Go through the listing below and output exactly the line with "Humdakin – 01", the line with "Camiseta Armani - Oversized", and each line between; omit the rest.

■ PROVIDED RECORDS
☆ ☆ ☆
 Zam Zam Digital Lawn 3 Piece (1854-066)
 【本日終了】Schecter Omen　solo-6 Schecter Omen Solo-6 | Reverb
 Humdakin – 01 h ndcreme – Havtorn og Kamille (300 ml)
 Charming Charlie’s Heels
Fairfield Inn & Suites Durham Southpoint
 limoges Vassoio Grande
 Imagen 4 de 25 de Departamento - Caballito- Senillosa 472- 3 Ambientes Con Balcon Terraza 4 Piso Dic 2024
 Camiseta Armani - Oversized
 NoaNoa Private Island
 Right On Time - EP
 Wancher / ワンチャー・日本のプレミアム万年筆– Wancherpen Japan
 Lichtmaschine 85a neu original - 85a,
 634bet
☆ ☆ ☆
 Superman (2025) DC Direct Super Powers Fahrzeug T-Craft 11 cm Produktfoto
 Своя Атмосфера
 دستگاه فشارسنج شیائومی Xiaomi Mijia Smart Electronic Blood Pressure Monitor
☆ ☆ ☆
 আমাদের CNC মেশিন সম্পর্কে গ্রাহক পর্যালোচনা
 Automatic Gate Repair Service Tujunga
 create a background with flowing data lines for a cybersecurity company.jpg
☆ ☆ ☆
■ ANSWER FOR THIS EXERCISE
 Humdakin – 01 h ndcreme – Havtorn og Kamille (300 ml)
 Charming Charlie’s Heels
Fairfield Inn & Suites Durham Southpoint
 limoges Vassoio Grande
 Imagen 4 de 25 de Departamento - Caballito- Senillosa 472- 3 Ambientes Con Balcon Terraza 4 Piso Dic 2024
 Camiseta Armani - Oversized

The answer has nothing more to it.